### Supplied entries
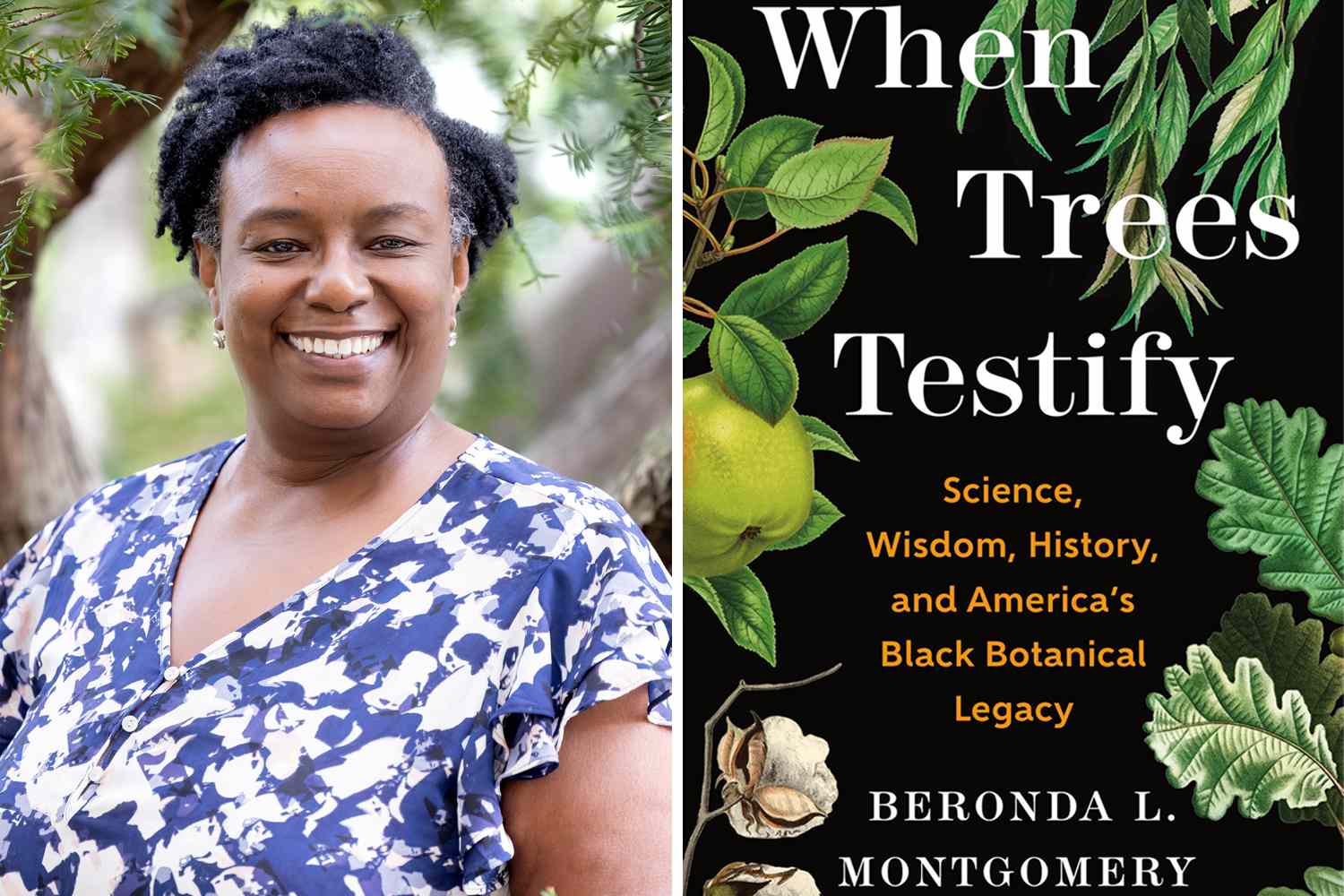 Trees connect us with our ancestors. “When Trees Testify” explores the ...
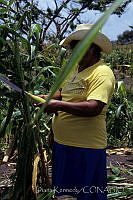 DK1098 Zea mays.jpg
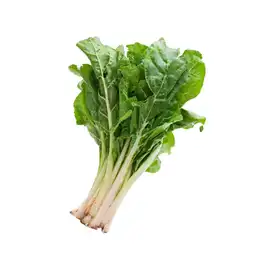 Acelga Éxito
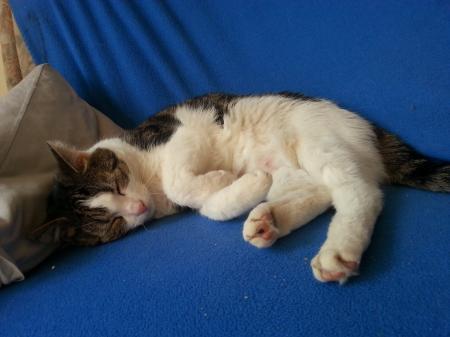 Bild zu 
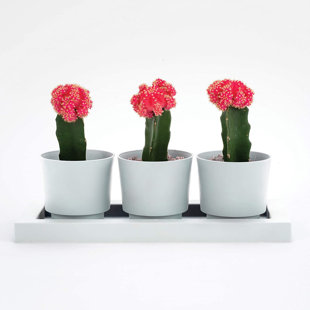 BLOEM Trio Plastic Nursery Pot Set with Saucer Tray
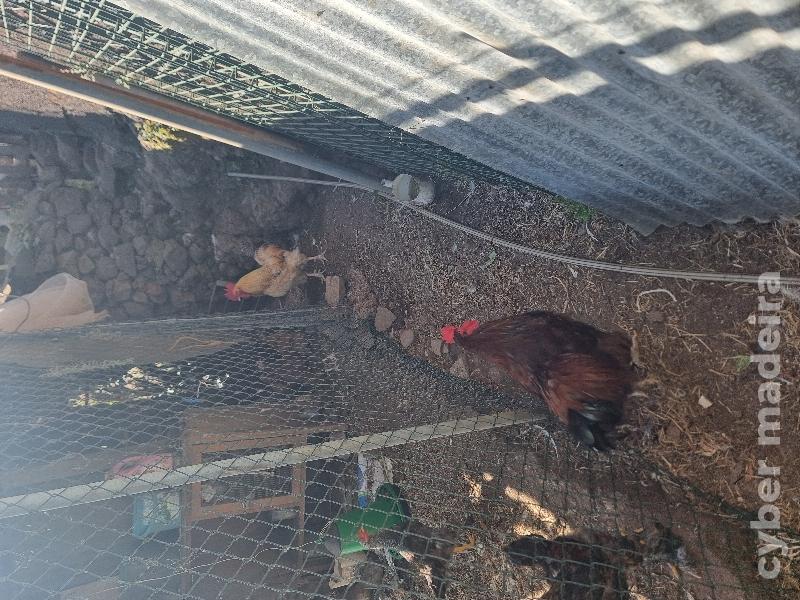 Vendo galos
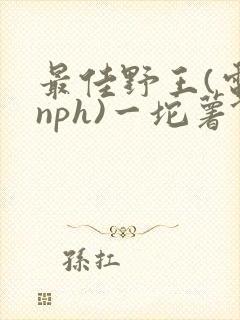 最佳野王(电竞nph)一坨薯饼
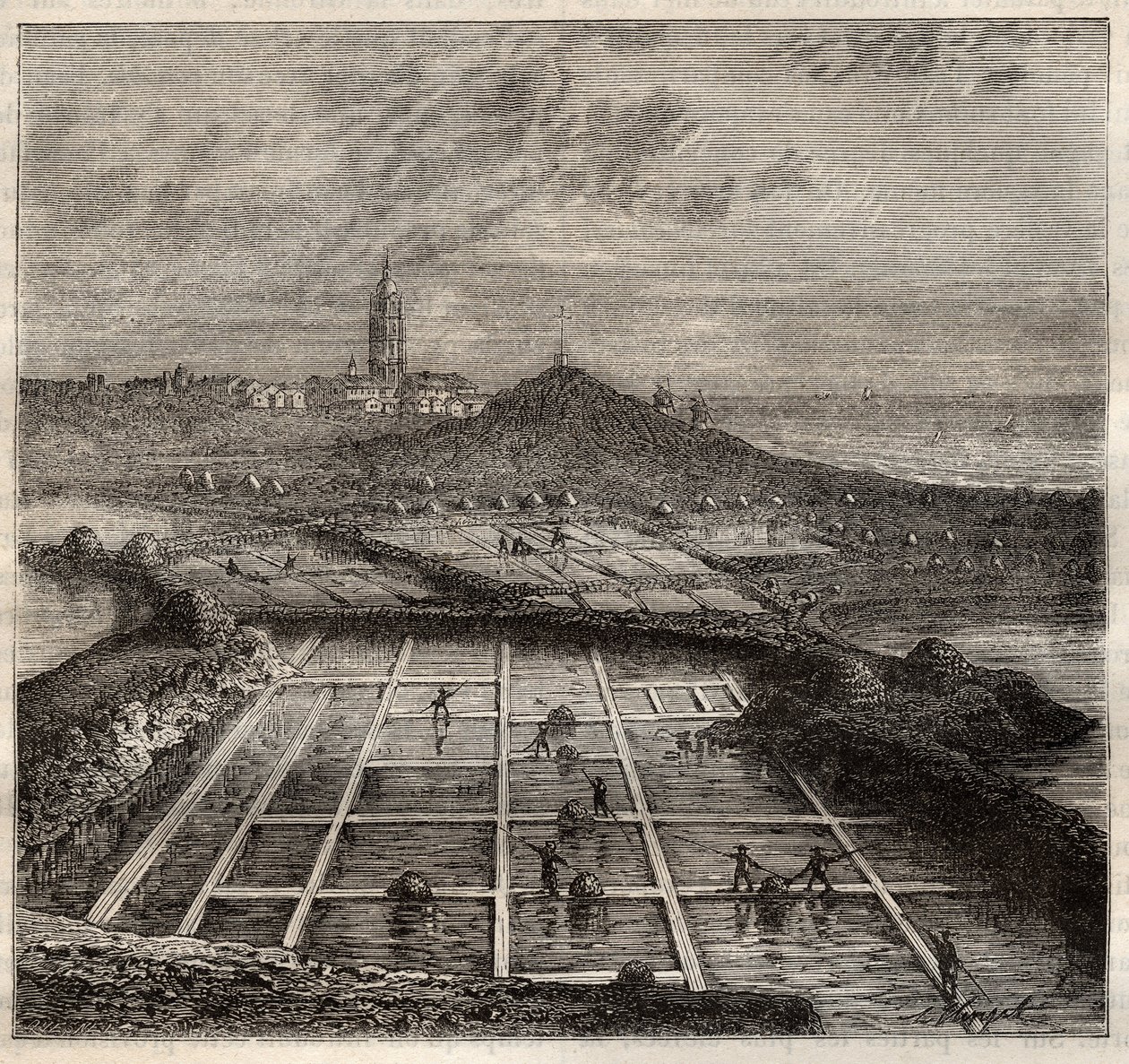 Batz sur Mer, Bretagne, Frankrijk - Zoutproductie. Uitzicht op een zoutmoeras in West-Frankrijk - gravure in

...

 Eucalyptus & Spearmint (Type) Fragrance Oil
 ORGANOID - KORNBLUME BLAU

...

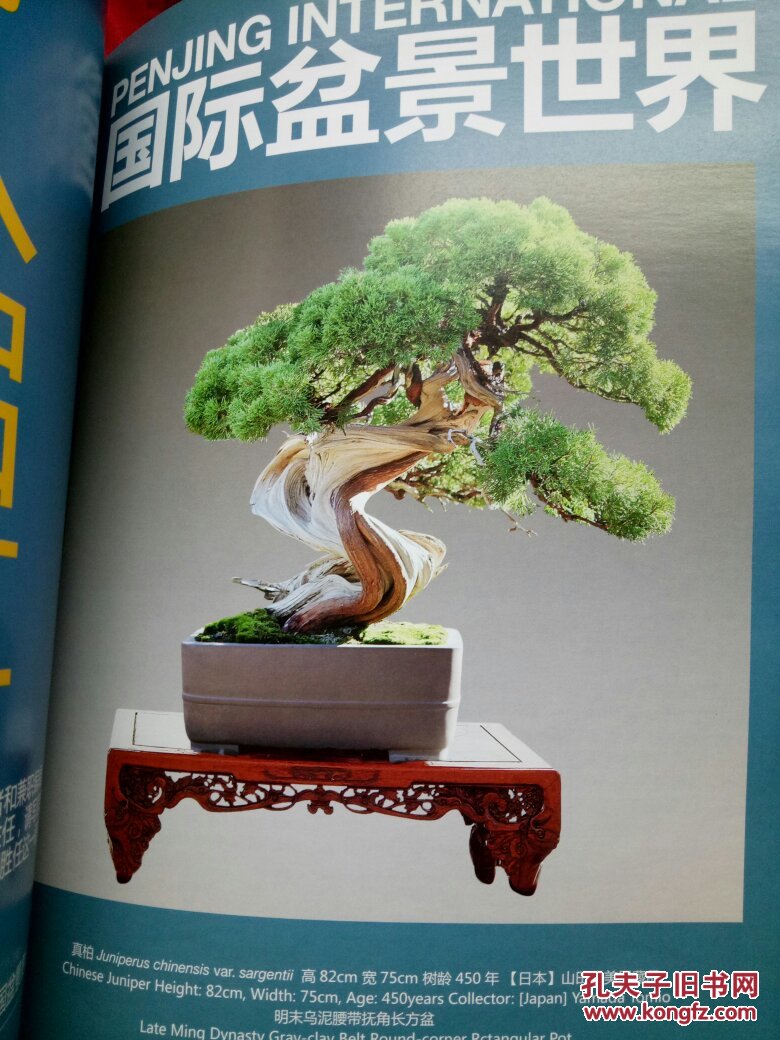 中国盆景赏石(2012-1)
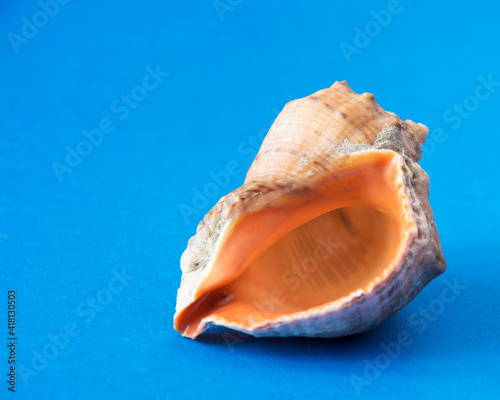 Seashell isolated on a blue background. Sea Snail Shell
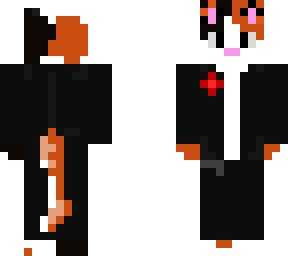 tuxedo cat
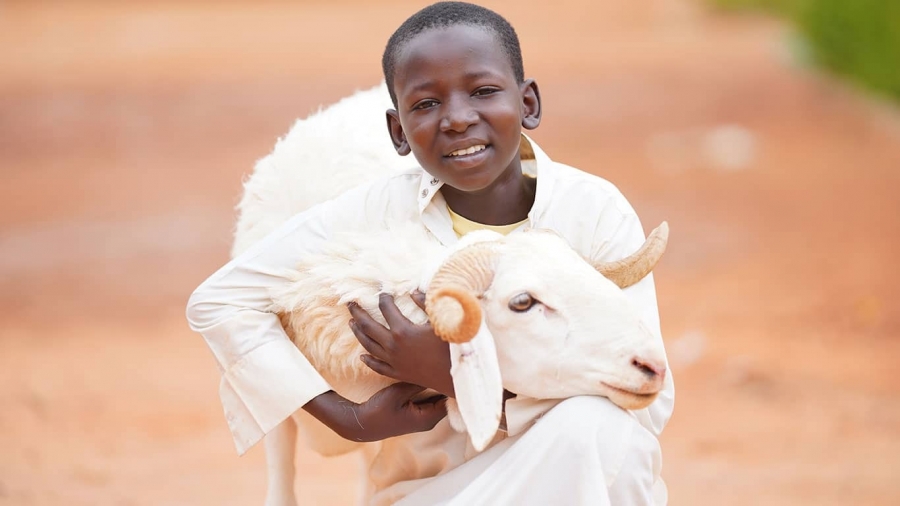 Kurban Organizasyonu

### Goal of the exercise
Taking the entries above, extract every line from the one bearing "Trees connect us" through the one bearing "Batz sur Mer, Bretagne, Frankrijk", exactly, with no pictures.

### Answer space
 Trees connect us with our ancestors. “When Trees Testify” explores the ...
 DK1098 Zea mays.jpg
 Acelga Éxito
 Bild zu 
 BLOEM Trio Plastic Nursery Pot Set with Saucer Tray
 Vendo galos
 最佳野王(电竞nph)一坨薯饼
 Batz sur Mer, Bretagne, Frankrijk - Zoutproductie. Uitzicht op een zoutmoeras in West-Frankrijk - gravure in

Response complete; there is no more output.